火葬炉开启,她亲手把儿子的遗骸捡起,放入骨灰盒。
那时,这个21岁的男孩似乎比大部份同龄人更镇静、更晓得该做哪些。
从大专到试验生都攻读社工专业,李昀鋆做过各类实习,包括去诊所做安宁疗护志愿者。
专业训练让她从不吝于抒发爱意。妈妈生前,李昀鋆经常亲她、拥抱她。父亲临终时,她像安宁疗护志愿者培训时教的那样,跟晕倒着的妈妈讲了许多话,问好、道爱、道歉、道别。
丧礼上,李昀鋆哭得嘶声裂肺,“没有焦躁,有意识地去发泄”。
她想,接出来,自己会渐渐从悲愤中走出,“正常”地生活下去,如同人们说的那样,时间能医治一切。“我真的以为会这样。可等丧事结束,却发觉整个事情都跟我想像的不同。”
外人眼中,李昀鋆很快放下了忧伤,继续在清华学院的硕士学业,开始忙着申请读博。但她认为自己快“疯掉了”。想念任何时候来袭。她爬走道爬到一半,会哭;开车去教学楼的路上,会哭;拿起手机,想到打不通妈妈的电话了,会哭;白天迟迟不敢回寝室,在校园里逛来逛去,找没人的角落偷着哭……“没有人告诉过我,丧失亲戚的生活是这样。”
她向家人诉说,但每位人都劝她放下。妈妈开始相亲,所有人看起来都已释怀,只有她放不下也不愿放下。
她倍感疑惑:为何自己如此伤心?为何苦闷如此漫长?自己是不是不正常?“我始终在想我要哭多久。其实是21年,由于她养了我21年。”
硕士结业后,李昀鋆到新加坡英文学院读博士,计划做长者群体的试验。入学后选导师,她在大学官网上找做相关试验的老师,见到陈智豪院士的试验领域里,有个从没见过的英语词组:。
“我打开辞典,一查,‘丧亲’。‘哐——’地一下就哭了。”她用物体撞击的拟声词,形容那种流泪的顿时。
那是李昀鋆第一次晓得,原先丧亲也是社工的试验领域,而她的伤心、痛苦等情绪在这个领域有专属的名子:grief,“哀伤”。
她不准备做这类试验,“害怕打动自己”。她选陈智豪做硕导,但只跟他聊长者试验。对于隐藏丧母之痛,她早已驾轻就熟。

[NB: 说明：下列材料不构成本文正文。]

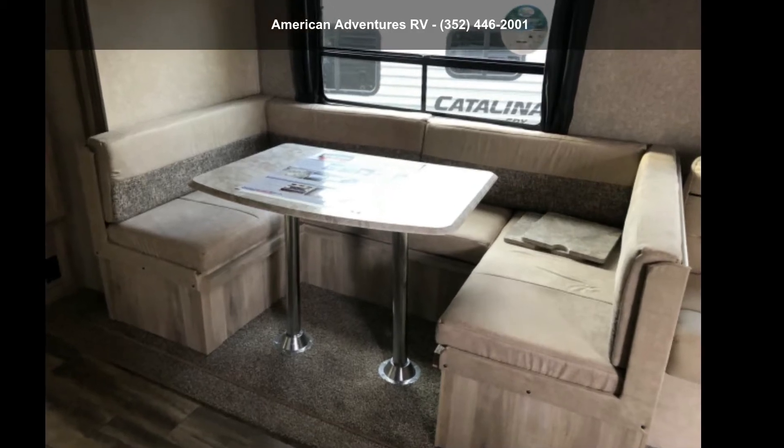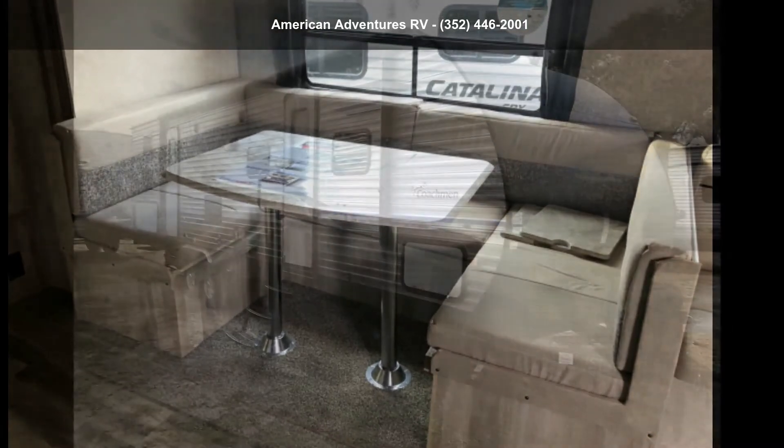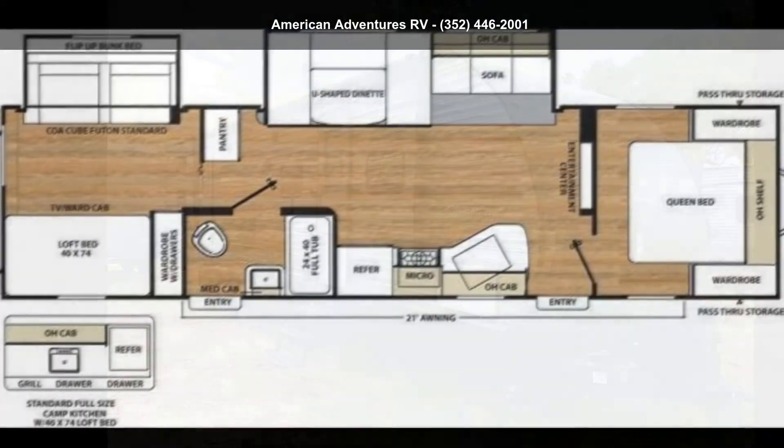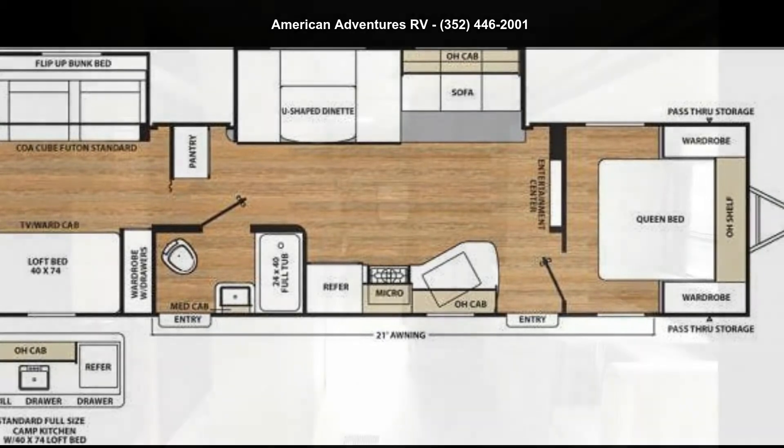Imagine yourself in this Coachman 2019 Catalina 321BHDS. Whether you are planning on vacationing, adventuring, or just relaxing, this travel trailer does it all.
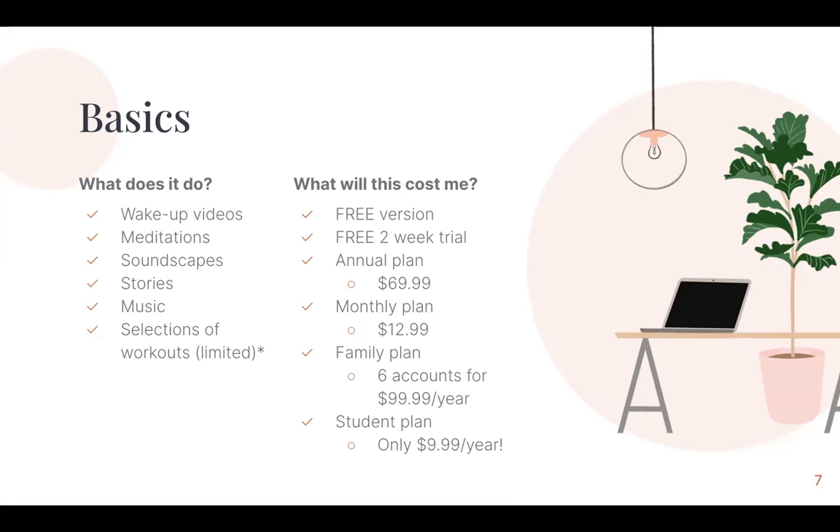There is an annual plan for $70, a monthly plan for $13, a family plan that includes six accounts for $100 a year. But the best plan is probably the student plan — it's only $10 a year, which is even better. So if you have any kind of student or school email, you are able to purchase the student plan.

入学后第二学期,陈智豪给大专生讲通识课《与哀伤共存》,李昀鋆是助教。
课上,陈智豪说:“哀伤就是爱,你爱一个人多久,还会哀伤多久。”
那三天,李昀鋆从课上哭到课下,坐校巴离校时还在哭。“这句话给了我很大的释放。原先我的哀伤不是有困难,是对我妈妈的爱。”
两个月后,李昀鋆遭到一场事故,在诊所里躺了19天。她开始考虑改变博士论文的试验方向。“我发觉虽然年青,也可能会死。我开始思索人生里有哪些对我十分关键,是死之前一定要做的,我决定试验丧亲和哀伤。我想晓得我的哀伤是如何回事?到底要如何应对?它真的太重了,是我生命里一个好重的东西。”
被遗忘的“人生第一次”
“为什么试验这个?有哪些意义?”更换试验课题后,李昀鋆发觉,自己须要“花很大力气”反复回答人们的指责。
同样的困难不会抛向她这些试验老年人群或流动儿童的朋友。并且,丧亲者的哀伤?那不是随着时间流逝才会自愈的东西吗?
“由于此我导师就是做这个的。”“由于此丧亲者须要得到更多关注。”彼时,李昀鋆会藏起真实的本意。有时侯,连她自己也怀疑,这个“自私”的试验真的有价值吗?
虽然,学术界对丧亲之痛的探究已逾百年。1917年,知名心理学家、精神剖析学派创始人弗洛伊德在《哀悼与抑郁》中提出“哀伤工作”理论,主张丧亲者须要撤回对逝者的情感依赖,从丧亲之痛中恢复。作为哀伤试验的奠基性理论,这一观点后果深远。
随后,学界对丧亲与哀伤的试验不断发展。美国学者逐渐产生一个共识:哀伤是高度某些化的过程,丧亲者应有“哀伤权”,以自己的方法和节奏抒发哀伤,并获得社会的承认与帮助。
试验中,李昀鋆留心到一块空白。
检索中国内地地区的哀伤试验时,她发觉相关文献数目有限,且多聚焦芦山水灾幸存者、失独奶奶等群体,几乎没有对年青丧亲者的关注。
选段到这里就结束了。